I thought yesterday was a really good day, I got my second tattoo which was important to me and I was even asked to review something for this blog (what an achievement). Yet, a few minutes ago I got a phone call from my girlfriend ending it. This came as a shock in a way, we have been struggling for a while, I can't blame her because I know I am a lot to blame for a lot of things and incredibly difficult to put up with. I can't say hand on heart I tried my best because I didn't. At first I had reservations about us getting together and I had only recently come out of a long term relationship and wasn't ready for another one, but this was different I knew this girl from university and had feelings for her for a long time.

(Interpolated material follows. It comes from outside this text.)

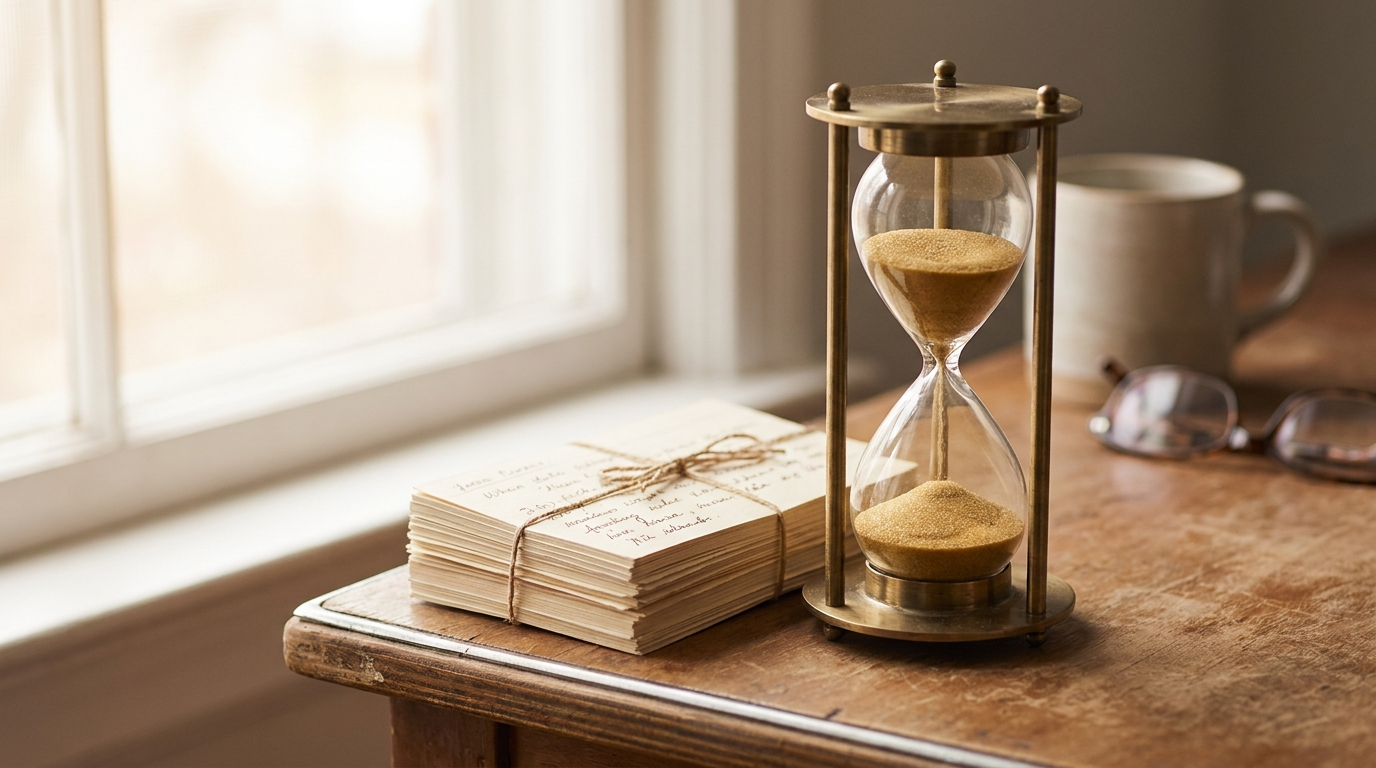 The Best Time of Day to Learn, According to Chronobiology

I was fed that classic lie " I will never hurt you". At the beginning things were good but let's be honest every relationship starts off good. We then faced some difficult situations having to leave a house she was sharing, her losing her job and unsure about returning to university. In a way, it's sort of relief, now she can move on and meet her prince charming. I might have mentioned previously that I have this little thing going on in my head known as depression, but I've got to be strong and look to the future.



I had a feeling my life was finally going to take shape, I'm due to graduate and with this girl I expected to get jobs, support one another and move in together. In a few weeks time I will turn 22 with no car, no own home, no job and now no partner. But only I am in control, only I can change these things in my life. The best thing for me right now is to take some time out and focus on my studies, I know as I type this I'm going to feel isolated and lonely. Recently, I've lost 'friends' for talking about my feelings on here and as for other friends I don't like to talk to them about my problems, why would anyone want to listen or care when they have their own lives to focus on. I hope this break up won't result in me staying in bed endlessly in the dark as I have in the past, positivity is the way forward it's all I have right now.






I was just a frog she kissed on her journey to meet her prince!